*Exercise description*
Out of all the lines below, count those with the word "white". Give the number only.

*Given material*
<<<<
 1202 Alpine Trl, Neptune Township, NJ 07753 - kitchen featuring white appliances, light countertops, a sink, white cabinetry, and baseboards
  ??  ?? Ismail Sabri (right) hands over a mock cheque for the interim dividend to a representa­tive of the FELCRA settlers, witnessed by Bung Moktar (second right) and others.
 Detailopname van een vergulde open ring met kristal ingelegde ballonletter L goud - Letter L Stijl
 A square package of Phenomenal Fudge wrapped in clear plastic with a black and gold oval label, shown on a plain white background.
>>>>
*Exercise solution*
2